すっとぼけた返事をしながら、夏油くんは意地悪く目を細めた。訊けるわけがない。『五条くんて私のこと好きだったの?』なんて、口に出すのさえ憚られた。自意識過剰、とんだ自惚れだ。座学も実戦もダメダメな、〝平凡〟を辞書で引いたら真っ先に名前が書いてあるような、地味な女なのだ私は。間違っても五条くんから好かれるような特別な存在じゃない。だってほら、組手ではいっつも転がされてるし、任務じゃ絶対に五条くんより前に行かせてもらえないし、『一口ちょうだい』を信じて渡したあんパンは半分以上食べられちゃうし。あれ、もしかして私って嫌われてるんじゃ。だったら、だったらどうして、あんなこと。

「あ、あんな顔、はじめて見た」
「へえ、どんな」
「ちょっと怒ってるみたいな、真剣な、こわい顔……」
「あっはは」

夏油くんは大きな声を上げて笑った。笑い事じゃないよ。夏油くんは私と五条くんがどうなってもいいっていうの。じとりと睨んでやっても、夏油くんはにやついた顔でこちらを見てくるだけだ。見た目は全然似てないくせに、そういうところは誰かさんとそっくりで、ほとほと嫌になる。

「どうなってもって、例えば?」
「た、」

……たとえば。例えばだよ。このまま、前みたいに仲良くおしゃべりできなくなっちゃったりとか。

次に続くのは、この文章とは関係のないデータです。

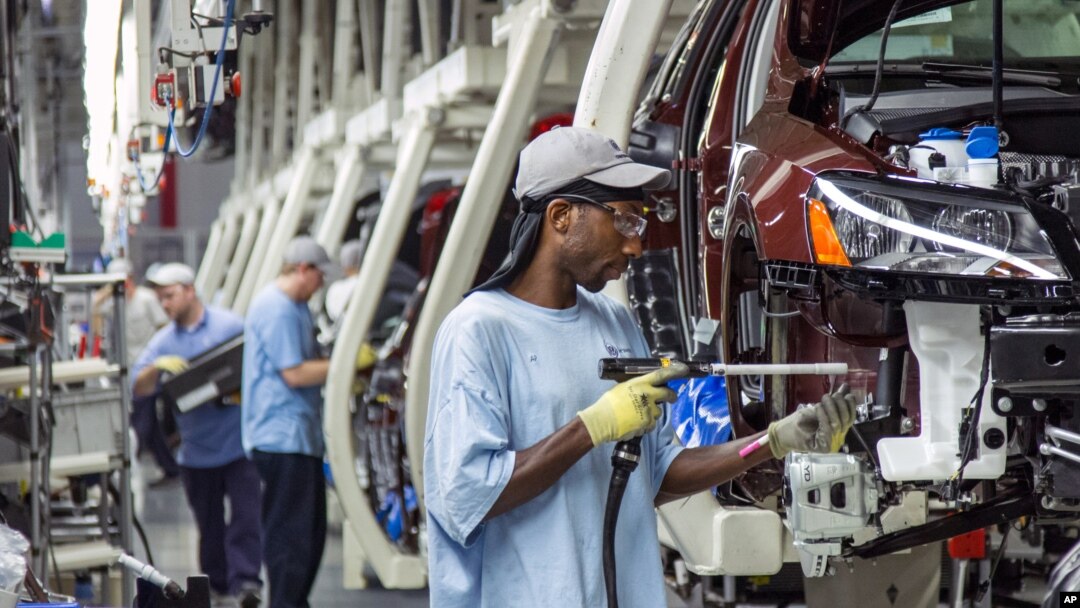 FILE - Employees at the Volkswagen plant in Chattanooga, Tenn., work on the assembly of a Passat sedans, July 12, 2013. 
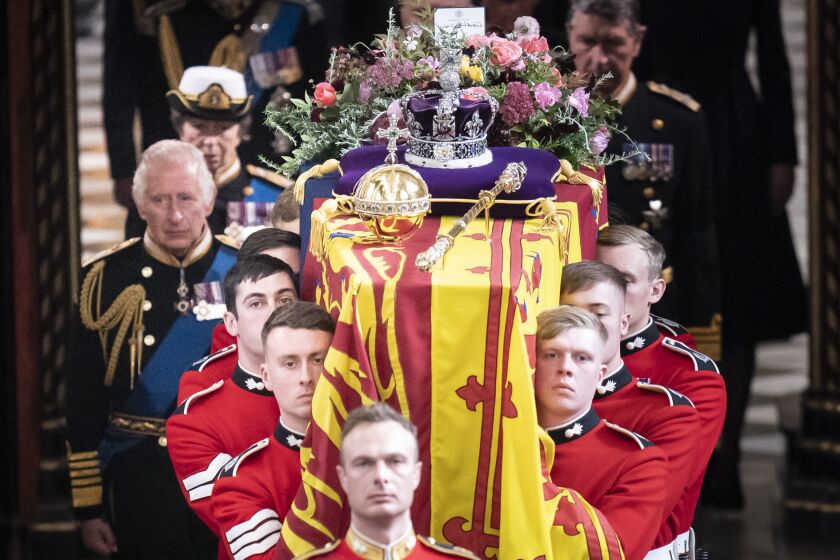 LONDON, ENGLAND - SEPTEMBER 19: King Charles III follows behind the coffin of Queen Elizabeth II, draped in the Royal Standard with the Imperial State Crown and the Sovereign's orb and sceptre, as it is carried out of Westminster Abbey. after the State Funeral of Queen Elizabeth II on September 19, 2022 in London, England. Elizabeth Alexandra Mary Windsor was born in Bruton Street, Mayfair, London on 21 April 1926. She married Prince Philip in 1947 and ascended the throne of the United Kingdom and Commonwealth on 6 February 1952 after the death of her Father, King George VI. Queen Elizabeth II died at Balmoral Castle in Scotland on September 8, 2022, and is succeeded by her eldest son, King Charles III. (Photo by Danny Lawson - WPA Pool/Getty Images)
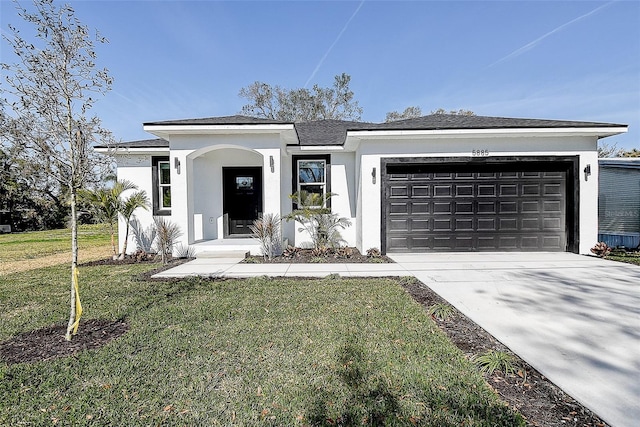 view of front of property featuring a garage and a front lawn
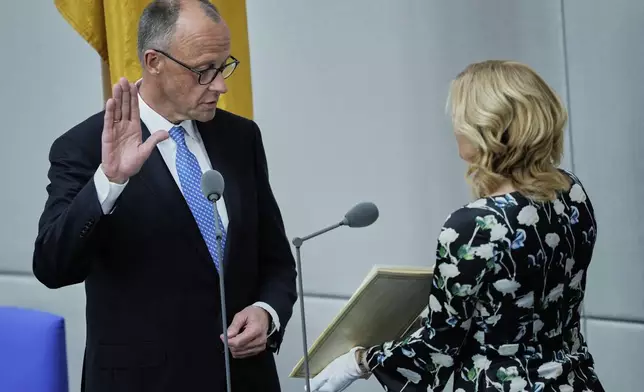 Friedrich Merz takes the oath of office in front of Parliament President Julia Kloeckner after being elected new Chancellor at the German federal parliament, Bundestag, at the Reichstag building in Berlin, Germany, Tuesday, May 6, 2025..(AP Photo/Ebrahim Noroozi)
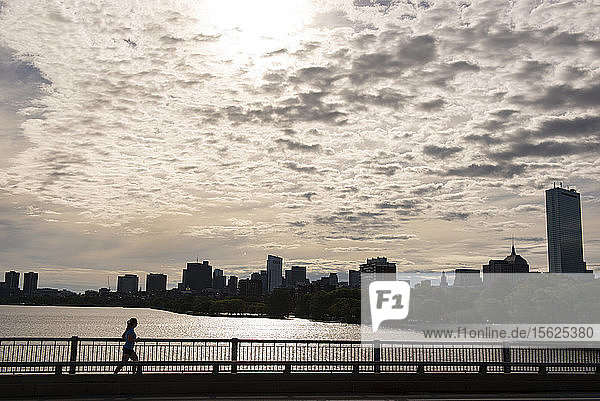 Silhouette einer Frau  die bei Sonnenuntergang auf einer Brücke am Charles River läuft  Boston  Massachusetts  USA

お昼も一緒に食べれなくなっちゃったりとか。隣り合わせの机も離さなきゃいけなくなっちゃったり、とか。指折り数えてみたら胸がきりきりと痛くなって、それ以上は考えるのをやめた。

「ナマエは面白いことを言うなあ」
「だからっ、笑ってる場合じゃないんだってばー!」
「どうなるかは本人で試してごらんよ」

切長の目が滑るように動いて、教室の扉の上でぴたりと止まった。まさか。嫌な予感がして反射的に身を縮める。乱暴な音を立てて引き戸が開け放たれたのは、その直後だった。

「ナマエ、」

私を呼んだのは、五条くんの声だった。走ってきたのか、少しだけ息が上がっている。その掠れた低い声音を聞いただけで、一度は落ち着いたはずの鼓動が一気に速くなった。

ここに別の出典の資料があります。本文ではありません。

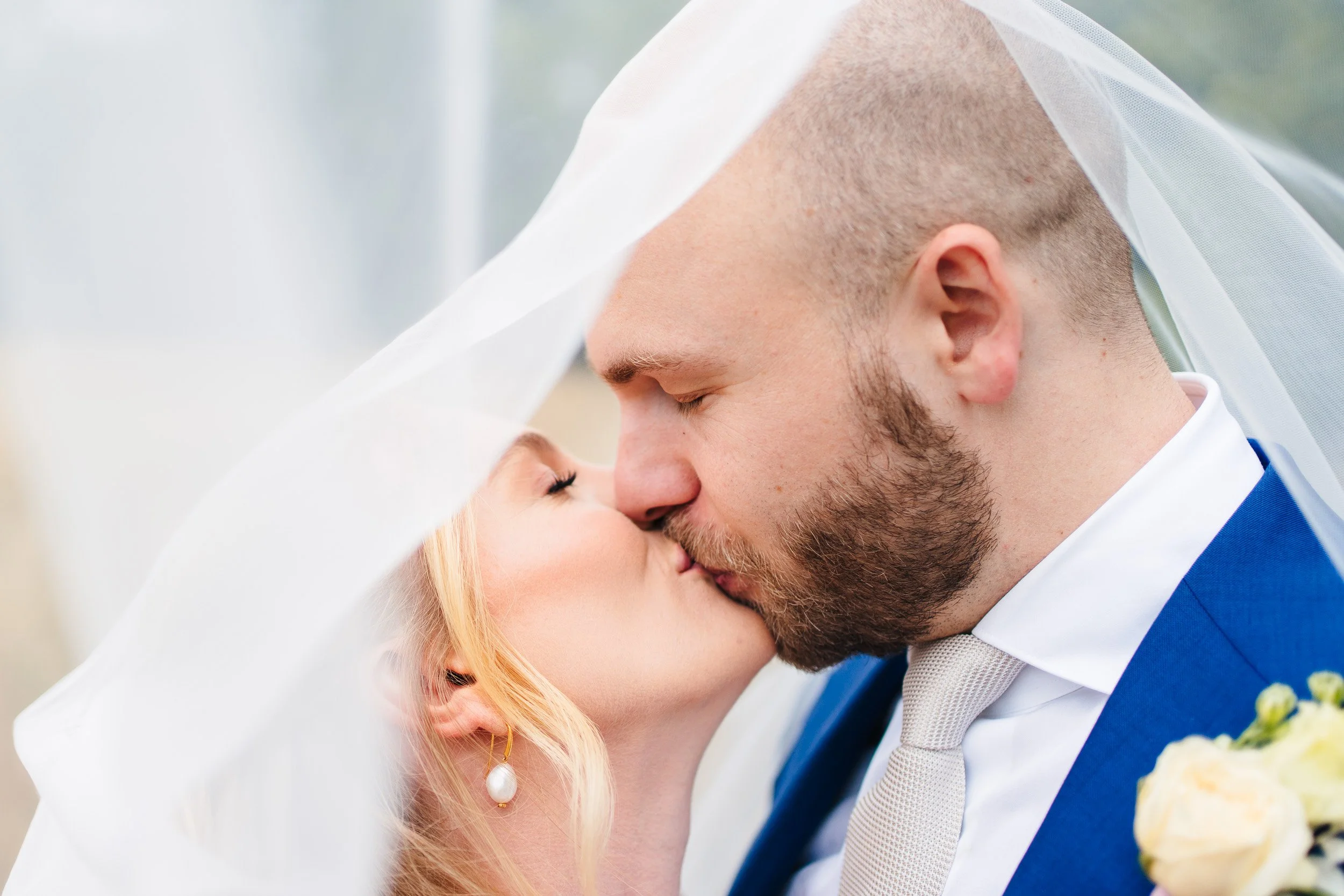 lillibrooke-wedding-bride-kissing-groom.jpg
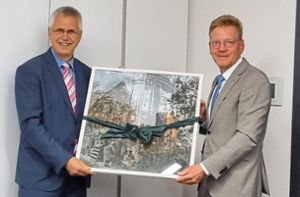 Als Präsent zum 40-jährigen Dienstjubiläum erhält Bürgermeister Jens Häußler (links) aus den Händen von Landrat-Stellvertreter Frank Wiehe eine gerahmte Grafik aus der neuesten Grafik-Edition des Landkreises. Foto: Tröger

「随分遅かったじゃないか悟。女性を待たせるのはいけないな」
「いま忙しいから説教は後にして」
「先生には適当に言っておくよ」
「……頼むわ」

……夏油くん、きみという人は!
私は絶望した。信じてたとまではいかないけれど、知らんぷりくらいはしてくれると思ったのに!

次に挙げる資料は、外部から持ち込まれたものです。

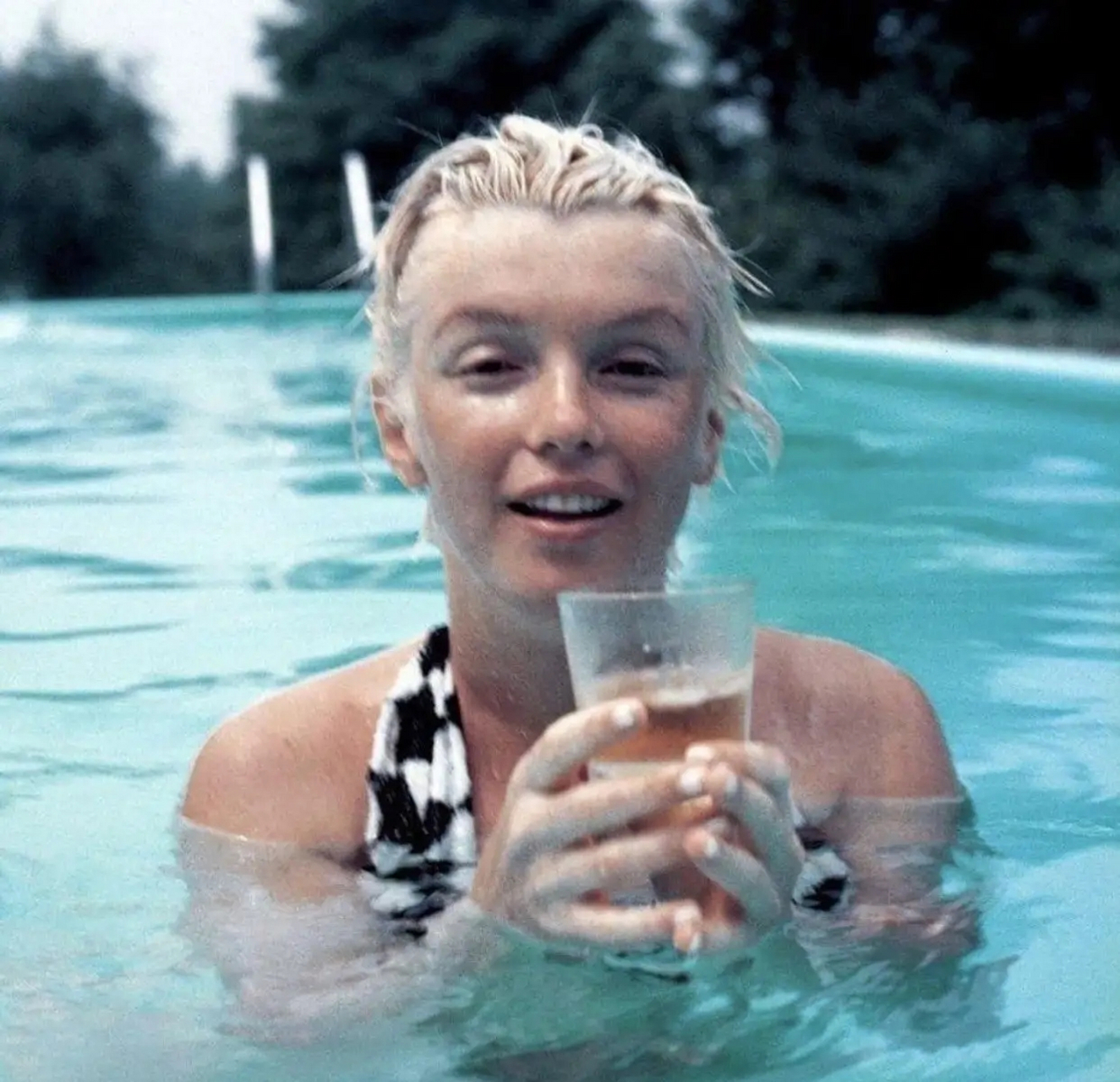 素颜时候的玛丽莲梦露,照片中梦露穿着吊带泳衣游泳,累了之后拿着被子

半べその私をよそに、足音はつかつかとまっすぐにこちらへ向かってくる。やばい。吐きそう。手のひらで口元を押さえた私の上に、大きな影が差した。万事休す。恐る恐る顔を上げれば、不機嫌そうに細められた青い瞳が、こちらを覗き込んでいた。

「見えてんだよばーか」

――そして、私は教室を飛び出した。

風の速さで廊下を走り抜け、階段を転がるように駆け下り、靴下のまま校舎の外へまろび出る。壊れた機関車みたいに、止まれなかった。
おかしい。私、おかしくなっちゃったんだ。ついさっきまで、隣に座っても平気だったはずなのに。目が合っただけで居ても立ってもいられなくなるなんて、そんなの変だ。
いつ五条くんが追いついてくるかと思うと、後ろを振り向くこともできなかった。ただひたすらに走って走って、胸が苦しくなってお腹が痛くなっても走り続けた。そうしていくつ目かもわからない角を曲がった、瞬間。

「ぅわ……っ!?」

突如現れた障害物にぶつかって、私の逃走劇は呆気なく幕を閉じた。信じがたい長さの脚を片方、通せんぼをするみたいに壁に突っかけて、五条くんが立っていた。

「つーかまーえた」

その場にへたり込んだ私を、五条くんはにっこりと笑って見下ろした。お、怒ってる。これは間違いなくはちゃめちゃに怒っている。

「ご、ご、ごじょくん、あの、」
「お前、足速すぎ。普段手ェ抜いてんだろ」
「そん、そのようなことは……!」
「なにビビってんの」
「ひえっ……」

思わず頭を抱えた。どんな罵詈雑言が降ってくるかと覚悟したけれど、五条くんはなかなか口を開かない。代わりにその長ったらしい脚を邪魔そうに折り畳んで、私の前にすとんとしゃがみ込んだ。同じ高さで目を合わされたらもう、何も言葉が出てこなかった。じっと見つめられたところから火がつきそうなくらい、頬が熱い。

「……逃げるなよ」

わりと傷つくんだけど。五条くんは少し尖らせた唇で、拗ねたように言う。どうしよう。ただでさえ胸がはち切れそうなのに、そろりと指先を握られて、どうにかなってしまいそうだ。

「そんなに嫌だった?」
「ちが、ちがくて、」
「……俺はさ、好きだよ、ナマエのこと」

やめてほしかった。いつも小学生みたいに馬鹿騒ぎしているくせに、急に優しい顔するんだもん。そんなの、そんなのってずるいよ。

「だから、あー、…………付き合って、クダ、サイ」

消え入りそうな声で言ってそっぽを向いた五条くんは、それでも私の手を離さなかった。慣れない敬語なんか使うもんじゃないよ。ほら、おかしくって涙が出てきた。

恋にリボンを掛けないで


いい感じだと思ってたのに逃げられてショックな五条くんと、無自覚に恋していた同級生と、カウンセラー夏油。